EXERCISE DESCRIPTION ▸
There is one span to output from the data below: the lines starting at the line with "4K Night Vision" and ending at the line with "Edward Mirell Titanium". Output it exactly, ends included, nothing more.

---- SUPPLIED RECORDS

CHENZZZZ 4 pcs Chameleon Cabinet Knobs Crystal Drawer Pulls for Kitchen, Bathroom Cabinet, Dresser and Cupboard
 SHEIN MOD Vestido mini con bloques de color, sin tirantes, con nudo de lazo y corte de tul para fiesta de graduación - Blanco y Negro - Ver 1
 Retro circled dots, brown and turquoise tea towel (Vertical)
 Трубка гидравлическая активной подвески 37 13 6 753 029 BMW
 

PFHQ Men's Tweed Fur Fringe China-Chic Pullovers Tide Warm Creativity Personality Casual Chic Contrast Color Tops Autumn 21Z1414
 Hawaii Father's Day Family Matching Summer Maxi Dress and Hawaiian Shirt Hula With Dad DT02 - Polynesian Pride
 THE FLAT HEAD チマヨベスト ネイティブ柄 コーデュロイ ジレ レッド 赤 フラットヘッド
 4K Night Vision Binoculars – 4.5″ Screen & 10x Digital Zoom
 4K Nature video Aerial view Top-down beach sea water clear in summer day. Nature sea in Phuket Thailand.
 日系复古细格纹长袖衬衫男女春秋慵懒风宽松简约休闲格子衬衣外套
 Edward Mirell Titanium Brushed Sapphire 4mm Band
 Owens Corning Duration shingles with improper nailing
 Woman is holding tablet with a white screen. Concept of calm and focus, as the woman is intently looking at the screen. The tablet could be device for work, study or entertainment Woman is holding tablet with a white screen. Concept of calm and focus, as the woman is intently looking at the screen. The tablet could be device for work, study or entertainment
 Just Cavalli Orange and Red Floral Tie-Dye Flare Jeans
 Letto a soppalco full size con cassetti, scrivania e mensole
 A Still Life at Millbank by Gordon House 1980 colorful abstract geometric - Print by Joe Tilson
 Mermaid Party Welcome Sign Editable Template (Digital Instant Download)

--------

SOLUTION ▸
 4K Night Vision Binoculars – 4.5″ Screen & 10x Digital Zoom
 4K Nature video Aerial view Top-down beach sea water clear in summer day. Nature sea in Phuket Thailand.
 日系复古细格纹长袖衬衫男女春秋慵懒风宽松简约休闲格子衬衣外套
 Edward Mirell Titanium Brushed Sapphire 4mm Band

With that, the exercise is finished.